Kernersville Little Theatre returns home to its longtime performance venue when “Almost, Maine” opens Friday night at Kernersville Elementary School’s Fitzpatrick Auditorium.
The popular multi-story play by John Cariani, which premiered in 2004, will be the first live show on the school’s stage since KLT completed its early-2020 “Blithe Spirit,” just before March COVID-19 shutdowns began.
Rachel Schroeder, the community theater’s president, spoke of the reasons for starting the 2021-22 season with this specific play.
“We spent the 2020-21 season completely ‘on the road,’ in unfamiliar venues,” Schroeder said. “We chose ‘Almost, Maine’ because we wanted something that could easily become mobile if needed. This show relies more on the storytelling than any major set elements. It’s simple in theme and message. Simplicity in such a complex time may be a welcome relief for our patrons.”
It’s the play’s simplicity and somewhat magical nature that has proven popular since its first production. Featuring nine short plays, all set in a somewhat mythical small town in Maine, the vignettes about love and loss play out in intimate settings with two actors. Though each character can be played by an individual actor, the cast count can also be compacted — which has worked out well for many theater companies during COVID.
The cast of “Almost, Maine” — in this case, some actors play more than one role — includes Lisa Cooper, Jennifer Graves, Mark Graves, Adam Hincher, Richard Johnson, Esther Mullis, Janea Platt, Tehya Ramey, Rebecca Stanifer and Eli Taylor.
KLT’s “Almost, Maine” is directed by April J’Callahan Mitchell, and Karen Hincher is the stage manager.
“I have seen this show, or bits of it, done in competitions around the nation,” Marshall said. “I wanted to direct it so I could work with the whole piece, and it’s a very sweet show.”
In addition to a long-term involvement with KLT as an actor, director, board member and many other roles in the all-volunteer organization, Marshall has directed multiple programs at her church as well as “Foxfire,” “Harvey” and “The Sunshine Boys” at Stained Glass Playhouse; “Grace and Glorie” at Stained Glass and KLT; and quite recently, “Eleemosynary” for KLT’s outdoors production earlier this year.
“I would say about this play that love takes many angles and turns in our lives, and with these down-to-earth residents of northern Maine, we get to see almost all of them,” Marshall said. Cariani’s stories “are poignant and touching in many different ways.”
The play takes place on a single night in midwinter, as the northern lights play across the sky.

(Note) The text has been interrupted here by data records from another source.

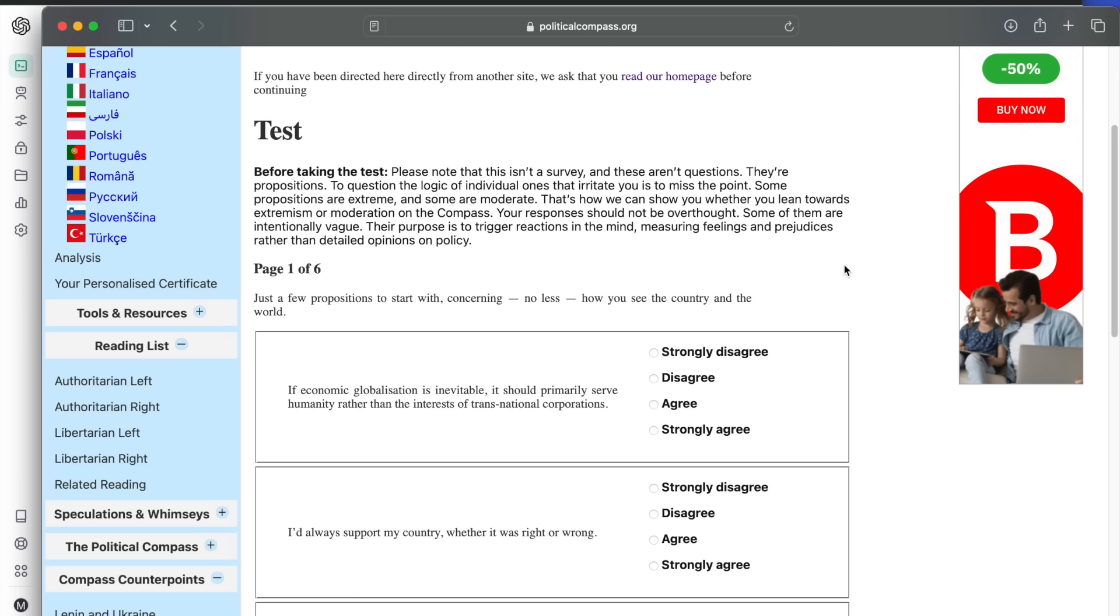There's a very popular test online called the political compass quiz, and it puts you on a chart with two axes.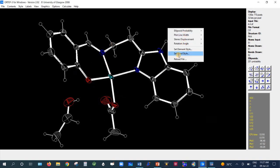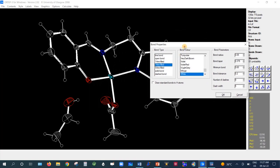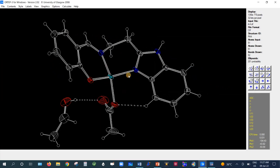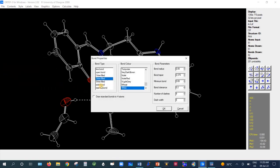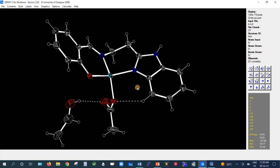You can also edit bond style further — for example, right-click and choose Set Bond Style, then select a style like three line filled and press OK. You can change to solid bond with a color of your choice (white, wheat, etc.) and adjust the bond radius if the bond appears too thick, as well as bond tolerance and number of dashes.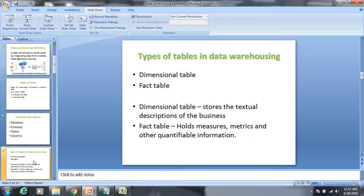Here are two types of important tables: dimension tables and fact tables. Dimension tables store the textual description of the business. The fact table holds the measures, metrics, and other quantifiable information — the table holds the values.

“Almost, Maine” publisher Dramatists Play Service describes the script as being set in “a place that’s so far north, it’s almost not in the United States. It’s almost in Canada. And it’s not quite a town, because its residents never got around to getting organized. So, it almost doesn’t exist.”
On that cold night, the town’s residents “find themselves falling in and out of love in unexpected and hilarious ways. Knees are bruised. Hearts are broken. But the bruises heal, and the hearts mend — almost.”

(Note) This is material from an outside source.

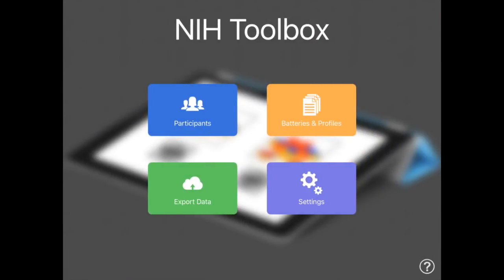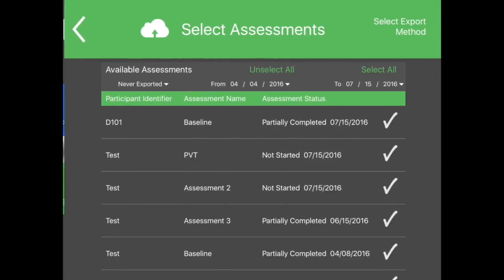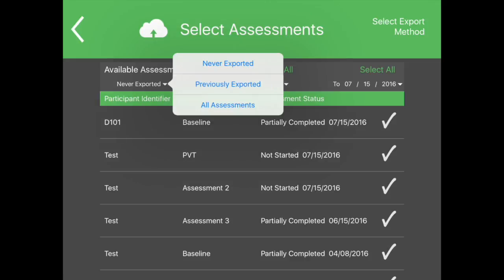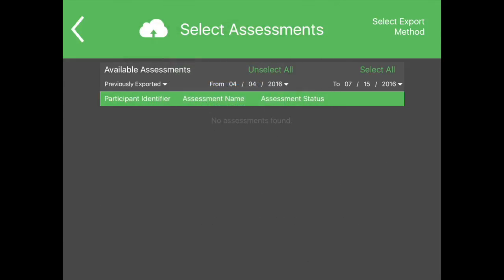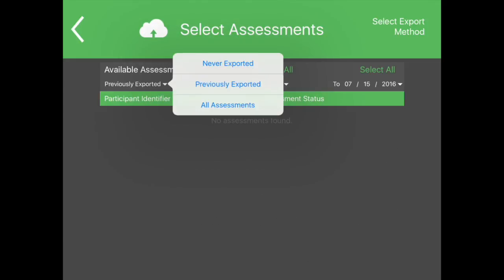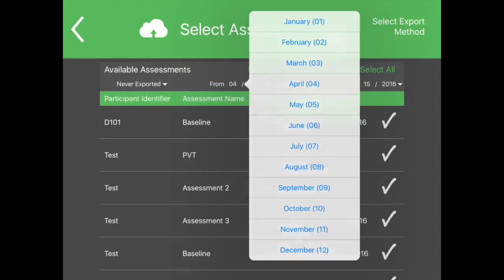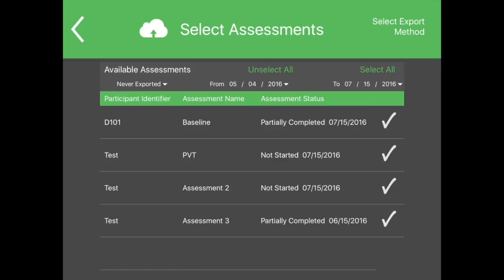The Export Data button allows the user to export data collected on a given iPad. Select the files to export by using the filtering options. The default selection will be data that has not been exported yet. Files can be filtered by export status and a date range. To choose a file for export, tap Select to the right of the assessment that is ready for export. All assessments can be selected by touching the Select All option. Assessments that have been selected for export will show a check mark instead of the word Select.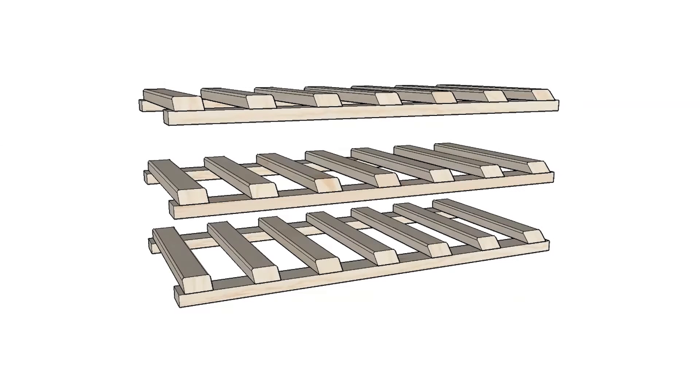To start, place each shelf piece so that all of the angled bottle supports are facing the same direction.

“This show has been a lot of fun directing with both new and seasoned actors who are bringing their whole selves to the piece,” Marshall said. “We’ve hit a few snags along the way with replacing actors, because health-related issues.”
The frequently-shifting restrictions related to the state of the pandemic make it hard to reach firm decisions for theaters.
“Some of our challenges come with working around COVID standards and policies,” she said. “And they could still change further before the show opens. With matters such as kissing through face masks, it could provide a very different look at theater when all is said and done.”
Schroeder noted that working carefully through all the requirements to return to live, indoor theater has tested virtually every theater production company. While the county’s school system was closed to students, for instance, it also kept KLT locked out of its main venue.
“Reopening during a pandemic really is about keeping focused on ‘the show going on.’ COVID restrictions and safety protocols may change instantly, and it is important that organizations can quickly adjust and pivot to meet those needs,” Schroeder said.
“I think I can easily speak for our board and production teams in that when we are finally producing a show post-COVID, it actually may feel easy compared to the unique obstacles that we have faced over the last 18 months.”